Debug Fundamentals Exercise 2: Some reverse engineering for Thanksgiving

 

Continuing our series on “Fundamentals Exercises”, we have some more reverse engineering for you! Again, these exercises are designed more as learning experiences rather than simply puzzlers. We hope you find them interesting and educational!

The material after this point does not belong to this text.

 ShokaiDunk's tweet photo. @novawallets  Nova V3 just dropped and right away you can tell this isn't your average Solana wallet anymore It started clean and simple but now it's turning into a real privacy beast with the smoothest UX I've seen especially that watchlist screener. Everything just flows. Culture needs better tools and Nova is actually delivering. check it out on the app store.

Feel free to post your responses here, but we won’t put them on the site until after we post the “official” responses, to avoid spoilers.

 

Examine the following code, registers, and stack values to determine the following:

 

1. What is the return value from DemoFunction2?

2. What is the purpose of DemoFunction2?

3. Bonus: Both the last exercise and this week’s exercise involved accessing data at ebp+8. Why ebp+8?

 

Hints:

1. You probably don’t want to manually walk through every instruction that executes in the loop. Instead, walk through a few iterations to determine the intent of the code.

2. The bracket notation [] in the assembly means to treat the value in brackets as a memory address, and access the value at that address.

3. 32-bit integer return values are stored in eax

 

 

0:000> uf 010024d0

asmdemo2!DemoFunction2:

010024d0 55 push ebp

010024d1 8bec mov ebp,esp

010024d3 8b5508 mov edx,dword ptr [ebp+8]

010024d6 33c0 xor eax,eax

010024d8 b920000000 mov ecx,20h

010024dd d1ea shr edx,1

010024df 7301 jnc asmdemo2!DemoFunction2+0x12 (010024e2)

010024e1 40 inc eax

010024e2 e2f9 loop asmdemo2!DemoFunction2+0xd (010024dd)

010024e4 5d pop ebp

010024e5 c3 ret

0:000> r

eax=80002418 ebx=7ffd7000 ecx=00682295 edx=00000000 esi=80002418 edi=00000002

eip=010024d0 esp=0006fe98 ebp=0006fea8 iopl=0 nv up ei pl zr na pe nc

cs=001b ss=0023 ds=0023 es=0023 fs=003b gs=0000 efl=00000246

asmdemo2!DemoFunction2:

010024d0 55 push ebp

0:000> dps esp

0006fe98 0100251c asmdemo2!main+0x20

0006fe9c 80002418

0006fea0 00000002

0006fea4 00000000

0006fea8 0006ff88

0006feac 01002969 asmdemo2!_mainCRTStartup+0x12c

0006feb0 00000002

0006feb4 00682270

0006feb8 006822b8

0006febc f395c17d

0006fec0 00000000

0006fec4 00000000

0006fec8 7ffd7000

0006fecc 00000000

0006fed0 00000000

0006fed4 00000000

0006fed8 00000094

0006fedc 00000006

0006fee0 00000000

0006fee4 00001771

0006fee8 00000002

0006feec 76726553

0006fef0 20656369

0006fef4 6b636150

0006fef8 00003120

0006fefc 00000000

0006ff00 00000000

0006ff04 00000000

0006ff08 00000000

0006ff0c 00000000

0006ff10 00000000

0006ff14 00000000

 


[Update: our answer. Posted 12/04/2008]

We had a great response to this exercise! It was good to see so many of you going through this. There were some readers that found this a good exercise for beginners, and others were looking for a return to Puzzlers. As an FYI, we may do more Puzzlers in the future, but for now we are going to continue on the “Fundamentals Exercise” track to help all our readers build up a solid foundation for debugging.

It was interesting to read how several of you not only gave the answers, but made suggestions for how the code could be optimized! I want to point out that the code we post for these exercises isn’t intended to be the optimal solution; it is written as a learning tool. That said, keep that in-depth feedback coming; I think everyone will benefit from a discussion of optimization.

Answers to exercise 2:

  1. DemoFunction2 returns 5, which is the number of bits set in 80002418, the value at ebp+8.
  2. DemoFunction2 finds the hamming weight of the 32-bit value passed to the function (it returns the count of bits that are equal to 1).
  3. ebp points to the base of the stack frame (the value stored there points to the previous frame's ebp), ebp+4 points to the return address, and ebp+8 points to the first parameter passed to the function. Note that the value of ebp changes in the function prolog, at instruction 010024d1. At this point ebp is set to 0006fe94, so at instruction 010024d3, ebp+8 is 0006fe9c, and [ebp+8] = 80002418.